LA NOUVELLE-ORLÉANS – Lorsque DXC Technology, le géant mondial des technologies de l’information basé en Virginie, a annoncé l’an dernier son intention de construire son dernier « Centre de transformation numérique », plus de 30 villes ont jeté leur dévolu sur le ring pour accueillir l’installation. L’attrait : le projet créerait 2 000 emplois technologiques bien rémunérés – pour une moyenne annuelle d’environ 63 000 $ – au cours des cinq prochaines années.

Le gagnant ? Une ville plus connue pour le gumbo que les gigaoctets: La Nouvelle-Orléans.

En effet, Greater New Orleans Inc., l’organisation à but non lucratif de développement économique de la ville, a noté que la victoire de 2017 a été classée par beaucoup de ceux qui suivent le développement économique comme deuxième cette année-là seulement après l’annonce que Foxconn, le fabricant taïwanais qui fabrique de l’électronique pour Apple, investirait des milliards dans une usine du Wisconsin.

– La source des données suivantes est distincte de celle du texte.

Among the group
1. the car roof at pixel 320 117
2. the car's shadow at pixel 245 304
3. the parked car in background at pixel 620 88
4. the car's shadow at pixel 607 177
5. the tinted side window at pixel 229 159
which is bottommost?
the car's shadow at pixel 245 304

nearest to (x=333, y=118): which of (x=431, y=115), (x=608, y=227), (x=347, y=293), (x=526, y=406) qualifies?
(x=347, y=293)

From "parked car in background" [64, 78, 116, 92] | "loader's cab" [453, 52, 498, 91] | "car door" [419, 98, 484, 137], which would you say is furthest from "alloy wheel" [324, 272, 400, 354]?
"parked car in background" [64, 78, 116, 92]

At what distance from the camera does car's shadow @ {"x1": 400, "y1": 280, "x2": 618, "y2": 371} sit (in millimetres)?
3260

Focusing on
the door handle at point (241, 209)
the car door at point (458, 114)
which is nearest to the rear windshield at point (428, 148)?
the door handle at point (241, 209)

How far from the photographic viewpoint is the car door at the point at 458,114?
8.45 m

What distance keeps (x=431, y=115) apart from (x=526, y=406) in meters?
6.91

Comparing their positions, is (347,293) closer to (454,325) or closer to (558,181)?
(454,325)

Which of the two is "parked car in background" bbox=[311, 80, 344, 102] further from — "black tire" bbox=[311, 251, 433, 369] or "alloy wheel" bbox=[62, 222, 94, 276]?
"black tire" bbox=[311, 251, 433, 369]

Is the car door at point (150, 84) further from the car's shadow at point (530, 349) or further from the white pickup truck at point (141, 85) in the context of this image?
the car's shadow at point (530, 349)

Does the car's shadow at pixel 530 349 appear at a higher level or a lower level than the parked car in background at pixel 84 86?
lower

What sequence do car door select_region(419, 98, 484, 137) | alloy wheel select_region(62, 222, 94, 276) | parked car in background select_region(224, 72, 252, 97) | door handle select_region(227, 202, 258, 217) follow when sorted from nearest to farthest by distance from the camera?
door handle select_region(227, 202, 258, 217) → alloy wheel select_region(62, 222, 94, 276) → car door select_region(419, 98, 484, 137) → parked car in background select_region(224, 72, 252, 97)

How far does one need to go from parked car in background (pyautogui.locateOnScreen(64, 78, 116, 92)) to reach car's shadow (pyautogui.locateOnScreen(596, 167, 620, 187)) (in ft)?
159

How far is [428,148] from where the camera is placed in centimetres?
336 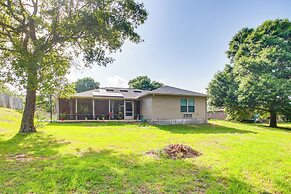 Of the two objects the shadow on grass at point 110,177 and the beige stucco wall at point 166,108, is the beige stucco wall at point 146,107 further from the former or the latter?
the shadow on grass at point 110,177

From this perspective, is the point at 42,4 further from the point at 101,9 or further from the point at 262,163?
the point at 262,163

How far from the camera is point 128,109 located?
69.1ft

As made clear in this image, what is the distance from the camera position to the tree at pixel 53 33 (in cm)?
918

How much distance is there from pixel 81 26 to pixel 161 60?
40.2 feet

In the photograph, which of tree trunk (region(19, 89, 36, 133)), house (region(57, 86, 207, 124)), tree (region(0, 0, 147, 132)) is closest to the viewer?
tree (region(0, 0, 147, 132))

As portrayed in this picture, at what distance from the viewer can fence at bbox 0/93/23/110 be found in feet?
79.9

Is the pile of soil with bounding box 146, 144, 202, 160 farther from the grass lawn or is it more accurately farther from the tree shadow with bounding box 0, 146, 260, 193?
the tree shadow with bounding box 0, 146, 260, 193

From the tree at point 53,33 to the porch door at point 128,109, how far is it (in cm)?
937

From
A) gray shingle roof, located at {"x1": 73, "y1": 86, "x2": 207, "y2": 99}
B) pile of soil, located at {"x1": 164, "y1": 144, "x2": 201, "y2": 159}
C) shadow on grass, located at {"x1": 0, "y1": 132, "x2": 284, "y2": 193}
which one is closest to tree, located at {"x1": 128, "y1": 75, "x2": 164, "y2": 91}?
gray shingle roof, located at {"x1": 73, "y1": 86, "x2": 207, "y2": 99}

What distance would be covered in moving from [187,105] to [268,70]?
8304 mm

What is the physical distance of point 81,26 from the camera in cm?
922

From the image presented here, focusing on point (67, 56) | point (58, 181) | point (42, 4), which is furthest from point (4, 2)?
point (58, 181)

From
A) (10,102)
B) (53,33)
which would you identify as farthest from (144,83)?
(53,33)

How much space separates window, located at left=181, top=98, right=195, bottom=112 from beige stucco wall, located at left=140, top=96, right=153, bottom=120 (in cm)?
305
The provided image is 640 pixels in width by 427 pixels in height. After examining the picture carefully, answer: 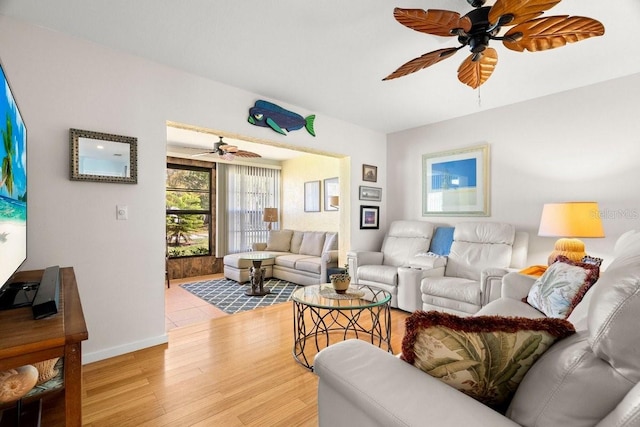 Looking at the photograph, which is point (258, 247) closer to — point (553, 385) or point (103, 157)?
point (103, 157)

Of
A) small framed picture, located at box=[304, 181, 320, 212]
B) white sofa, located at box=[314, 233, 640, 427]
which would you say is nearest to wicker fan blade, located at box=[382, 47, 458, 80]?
white sofa, located at box=[314, 233, 640, 427]

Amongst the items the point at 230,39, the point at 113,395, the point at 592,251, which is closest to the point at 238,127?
the point at 230,39

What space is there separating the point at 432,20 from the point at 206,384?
101 inches

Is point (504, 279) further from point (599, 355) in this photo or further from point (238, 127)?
point (238, 127)

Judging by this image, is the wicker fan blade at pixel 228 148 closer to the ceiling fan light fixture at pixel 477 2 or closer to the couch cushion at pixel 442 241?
the couch cushion at pixel 442 241

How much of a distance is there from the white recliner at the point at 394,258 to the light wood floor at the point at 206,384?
0.89 metres

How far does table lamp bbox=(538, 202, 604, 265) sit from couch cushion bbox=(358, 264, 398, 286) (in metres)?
1.49

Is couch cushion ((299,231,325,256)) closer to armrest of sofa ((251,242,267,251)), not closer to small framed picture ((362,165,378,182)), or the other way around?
armrest of sofa ((251,242,267,251))

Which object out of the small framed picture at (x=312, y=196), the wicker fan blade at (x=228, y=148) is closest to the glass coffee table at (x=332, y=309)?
the wicker fan blade at (x=228, y=148)

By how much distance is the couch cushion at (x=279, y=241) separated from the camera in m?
6.06

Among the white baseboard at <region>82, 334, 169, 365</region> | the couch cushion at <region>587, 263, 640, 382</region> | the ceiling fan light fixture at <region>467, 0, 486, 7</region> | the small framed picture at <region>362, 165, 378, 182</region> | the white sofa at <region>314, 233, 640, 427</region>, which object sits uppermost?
the ceiling fan light fixture at <region>467, 0, 486, 7</region>

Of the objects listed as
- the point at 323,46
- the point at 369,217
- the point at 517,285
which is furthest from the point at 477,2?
the point at 369,217

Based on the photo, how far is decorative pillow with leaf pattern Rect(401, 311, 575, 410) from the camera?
0.84 m

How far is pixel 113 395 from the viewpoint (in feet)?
6.17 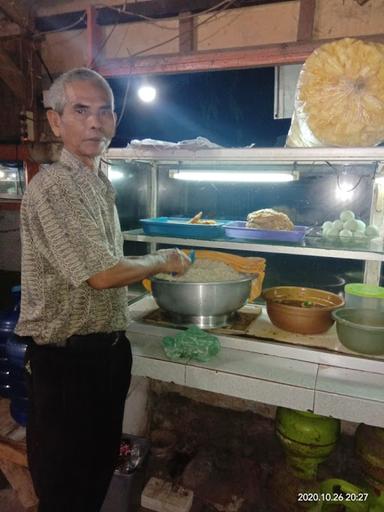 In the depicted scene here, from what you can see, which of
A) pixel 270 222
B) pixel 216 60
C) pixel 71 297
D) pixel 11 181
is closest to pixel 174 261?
pixel 71 297

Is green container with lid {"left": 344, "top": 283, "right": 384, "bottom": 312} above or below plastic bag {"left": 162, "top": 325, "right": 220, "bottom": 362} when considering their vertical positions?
above

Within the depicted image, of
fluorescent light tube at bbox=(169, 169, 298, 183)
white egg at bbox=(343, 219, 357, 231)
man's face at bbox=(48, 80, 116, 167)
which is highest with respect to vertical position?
man's face at bbox=(48, 80, 116, 167)

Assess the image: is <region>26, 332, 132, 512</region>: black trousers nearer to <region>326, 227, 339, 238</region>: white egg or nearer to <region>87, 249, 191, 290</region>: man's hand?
<region>87, 249, 191, 290</region>: man's hand

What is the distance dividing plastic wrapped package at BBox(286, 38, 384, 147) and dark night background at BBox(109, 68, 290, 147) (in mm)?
1614

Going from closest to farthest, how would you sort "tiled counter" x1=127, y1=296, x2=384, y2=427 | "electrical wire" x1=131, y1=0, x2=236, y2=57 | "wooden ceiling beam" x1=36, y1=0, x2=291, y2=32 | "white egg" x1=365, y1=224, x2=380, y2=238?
1. "tiled counter" x1=127, y1=296, x2=384, y2=427
2. "white egg" x1=365, y1=224, x2=380, y2=238
3. "electrical wire" x1=131, y1=0, x2=236, y2=57
4. "wooden ceiling beam" x1=36, y1=0, x2=291, y2=32

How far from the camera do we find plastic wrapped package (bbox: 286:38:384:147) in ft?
5.64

Et dans un mouvement dont le symbolisme ne pouvait manquer, DXC, avec un chiffre d’affaires d’environ 25 milliards de dollars, a loué plusieurs étages dans le bâtiment Freeport-McMoRan, en face de l’emblématique Mercedes-Benz Superdome, pour accueillir les 300 embauches qui composent son premier lot d’employés. Le gratte-ciel du quartier central des affaires a longtemps été un symbole de la dépendance économique de la ville vis-à-vis de l’industrie pétrolière et gazière, abritant le siège mondial de Freeport-McMoRan, le géant de l’énergie et des mines, qui a quitté la Nouvelle-Orléans pour Phoenix en 2007. Un groupe de jazz a défilé dans la rue Poydras pour célébrer l’inauguration de DXC.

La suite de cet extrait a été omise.